Salgo corriendo y, al poco, llega el furgo-bus y me recoge. Nos llevan al comienzo del sendero, en Gordon River.

Gordon River son unas pocas casas junto a la playa en la desembocadura del río Gordon, una playa de arena fina donde, en lugar de palmeras, hay abetos que, eso sí, llegan casi a la orilla. Por lo demás, y con el sol y el calor, el ambiente es casi caribeño. Esta zona (toda esta costa) es algo así como un santuario hippie, un sitio tranquilo y aislado donde poca gente se anima a vivir y bastantes hippies se han venido para aquí, auténticos calcos del look californiano de los 60. Han montado un puesto de comida, muy a propósito y enfocado a los que se van a pasar unos días sin acceso a nada parecido.

Para comenzar el sendero hay que cruzar el río y para eso hay una barca que, prácticamente, sólo sirve para eso. El señor que la regenta hace 3 ó 4 viajes al día pero no hay que preocuparse por la hora, nos esperará; somos sus únicos clientes. A los que vienen del otro lado (terminando el sendero), no les queda más remedio que esperar o, como mucho, gesticular y vocear (de buen rollo), a ver si le sacan un viaje extra.

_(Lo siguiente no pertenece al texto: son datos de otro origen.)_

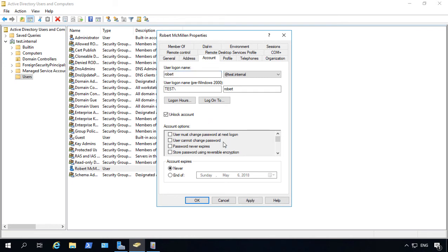Go ahead and check the box that says Unlock Account and that will unlock the account. At that point the user can go ahead and use the username and password that they've been using.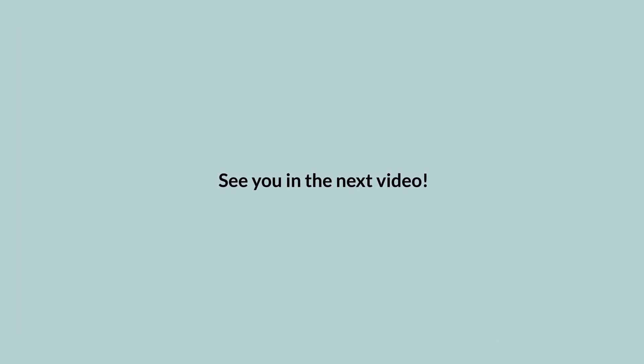That is it for now. Thank you very much for watching. Next time I will tell you more about the Daylighting module.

Antes de nada, tenemos que visitar la oficina de los rangers, donde nos dan una charla más instructiva y menos de trámite de lo habitual, ya que el WCT es un sendero muy especial donde hay ciertas cosas que necesitamos saber: nos dan una tabla de mareas y un mapa esquemático con indicaciones de los puntos más problemáticos, donde señala la altura máxima del agua con la que es posible pasar. También nos informan de la prohibición temporal de acampar en una de las zonas típicas a causa de la actividad faunística: parece que hay algún oso inquieto por la zona y prefieren dejarle en paz. Finalmente, las buenas noticias: pronóstico inusualmente bueno, buen tiempo a 5 días vista. Aunque sabemos de la variabilidad del tiempo y de lo incierto de los pronósticos, es bueno empezar con buenas perspectivas.

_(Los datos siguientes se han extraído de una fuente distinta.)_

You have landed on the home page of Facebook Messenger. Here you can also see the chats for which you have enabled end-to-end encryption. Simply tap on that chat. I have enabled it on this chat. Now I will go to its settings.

Por fin, nos sueltan y nos vamos todos hacia el pequeño embarcadero. Allí nos espera la también pequeña barca. Somos unos 10 ó 12. Cruzamos el río y nos dejan al otro lado. Ahora, nos quedan 7 días de camino para volver a civilización.

West Coast Trail, metro cero

Comenzamos a andar. El sendero empieza por encaramarse por la ladera y meterse en el bosque. A los pocos metros tenemos nuestra primera impresión importante: el bosque, su presencia y la inmensa diferencia que marca con lo que queda fuera. El bosque es denso, sombrío, húmedo y casi agobiante, nada que ver con la luminosidad de la playa y el azul del mar y esto ¡sólo con haber penetrado 10 metros!

El sendero sube, muy empinado pero, por lo demás, sin mayor dificultad. Nos cruzamos con algunos que están terminando y nos fijamos: no tienen muy mala pinta, ni están llenos de barro hasta las orejas ni nada. En este momento, para nosotros son una especie de héroes anónimos que han superado la prueba que nosotros empezamos.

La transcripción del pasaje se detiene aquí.